When dealing with loss, one of the most challenging things for many people is knowing how to comfort someone who has recently lost a loved one. Knowing what to say and when to say it can be challenging, which is why it is important to keep the following things in mind.

Be a Good Listener

Following the loss of a loved one, many people feel pressured to say the right thing. What the bereaved may need you to do instead is simply listen. Allow that person to express how he or she is feeling without being judgmental. It’s not what you say, but your actions during this time that are important. Don’t feel as though you need to make conversation or get the other person to talk things out. Simply showing your support with a hug or a pat on the back will likely be sufficient.

Avoid Using Clichés

When the time does come for you to express your regrets, it’s important to avoid using clichés such as “I’m sorry for your loss”, or “At least he didn’t suffer.” Instead, express your support by letting your friend know you are just a phone call away. Let that person know that it’s perfectly acceptable to ask for help, and that you are willing to be the one that he or she can lean on when things get rough. Few people extend themselves to a grieving person in such a manner, so you can be sure your offer of assistance will be especially heartwarming.

Written Words Mean More

While it’s customary to send a sympathy card when someone passes, nothing means more than a handwritten letter. You don’t have to be an eloquent writer in order to express your deepest regrets over the passing of a loved one. Even a short note saying “you are in my thoughts and prayers” will have a greater impact than a store-bought card any day.

Don’t be Judgmental

Not everyone follows the same timeline when it comes to grieving, nor does everyone grieve in the same way. As such, it is very important not to judge someone because you feel that person is grieving inappropriately. Never tell someone to “get over it” or “stop acting inappropriately”, as this will likely drive a wedge between you that could be extremely difficult to close. Instead, continue to listen and offer support just as you did when the loss was first discovered.

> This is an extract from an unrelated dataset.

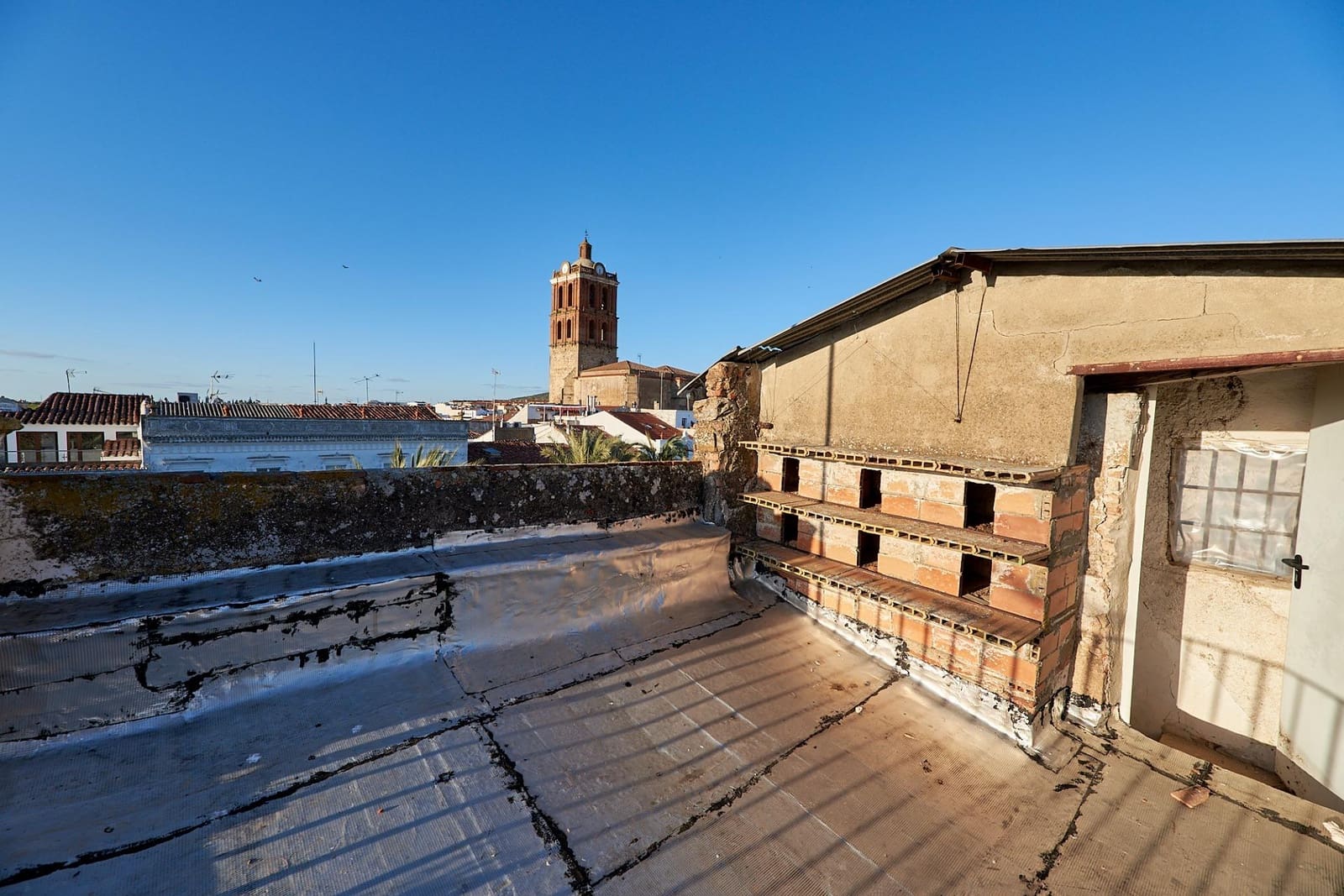 40 bedroom Townhouse for sale in Zafra - € 320,000 (Ref: 9126252)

Make every effort to validate the bereaved’s emotions, but avoid giving unsolicited advice. However, if you notice destructive behavior such as alcohol or drug abuse, suicidal tendencies, or severe depression, please do what you can to ensure the grieving individual obtains counseling. These are not healthy methods of grieving, and indicate a more serious problem that you personally are likely not equipped to handle.

Remember Holidays

It’s important to remember that the grieving process can take several months. The first holiday without that special someone is likely to be extremely hard, which is why follow-up calls are so important. Don’t be afraid to ask your friend how he or she will be dealing with a special occasion. If necessary, extend a dinner invitation or drop by for a personal visit to ensure that person does not have to spend important days alone.

Talking to a close friend after he or she has lost a loved one is something that truly frightens a lot of people. If you’re one of them, you may find yourself actually avoiding your friend because you fear saying the wrong thing. The best advice we can give is to express your concern through carefully-planned actions that will help to back up your words.